The country's Finance Minister, Mr. Ken Ofori-Atta, on Wednesday, November 15th, 2017 presented the much anticipated 2018 "private sector-led economic growth and transformation", Budget and Economic Policy of the government, the Parliament; seeking approval to spend 61 billion Ghana Cedi
The aim for this fund-request according to report, is to anchor government's agenda of moving the economy, beyond the reliance on foreign support or aid. The Budget, and Economic Policy is expected to focus on ensuring macro-economic stability, transforming agriculture and industry, strengthening social protection and inclusion, building on economic and social infrastructure and reforming public service delivery institution.
Earlier on, in his speech at the Ghana Industry Quality Awards in Accra, on November 11th, 2017, President Nana Addo dankwa Akufo- Addo, threw his weight behind the economic policy when he hinted that the 2018 budget would set out the road map for the down-ward review of electricity tariffs. This, according to the President, would encourage industries in the fore-front of the government's economic transnational agenda.
The Breakdown:
Of the 61 Billion Ghana Cedis proposed 2018 budget:
- About 3.5 Billion Ghana Cedis, is expected to be allocated to the Real Estate sector.
- About 1 Billion Ghana Cedis, will go into 'Planting of Food and Job program.
- About 430 Million Ghana Cedis, will be channelled towards the actualisation of government's "One District - One Factory policy".
- About 100 Million Ghana Cedis, stimulus package is expected to go into distressed but viable industries.

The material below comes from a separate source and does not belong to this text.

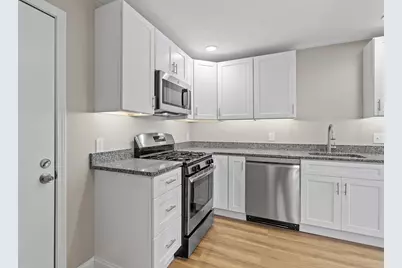 379 Huse Road #34, Manchester, NH 03103 - Photo 16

- About 14 Billion Ghana Cedis, is expected to go into the Social sector.
Under the Social Sector:
- About 1.2 Billion Ghana Cedis, goes to "free SHS programme".
- About 468.5 Million Ghana Cedis, goes to School Feeding Programme,
- Employee Compensation gets about 10.3 Billion-Ghana Cedis.
- About 700 Million Ghana Cedis, is expected to go into what the government termed "Repair & Rehabilitation of Agricultural Roads".
- Poverty Alleviation Programmes, is expected to gulp about 1.15 Billion Ghana Cedis.
Minority in Parliament think differently on the government's policy. This was upheld when the group got together in country's capital city, Accra, on Monday, November 13, 2017, to review the 2017 budget and economic policy and to reflect on the 2018 budget. Citing an increase in public debt from 122.6 Billion Ghana Cedis, in January 2017, to 138.6, Billion Ghana Cedis, as at June 2017. Ranking Member on the Finance Committee, and Minority Spokes Person on Finance, Mr. Cassiel Ato Forson, said the public-debt figure is expected to increase to about 150 Billion Ghana Cedis, by the end of 2017. The Minority group feared that this increase in debt, might end up reverting the country to the Heavily Indebted Poor Countries (HIPC) status come 2019.
To find out what the populace think about the economic policy and how it has overtime affected their enterprises, Roving Informant took to the streets of Accra-Ghana, and had chats with small business owners.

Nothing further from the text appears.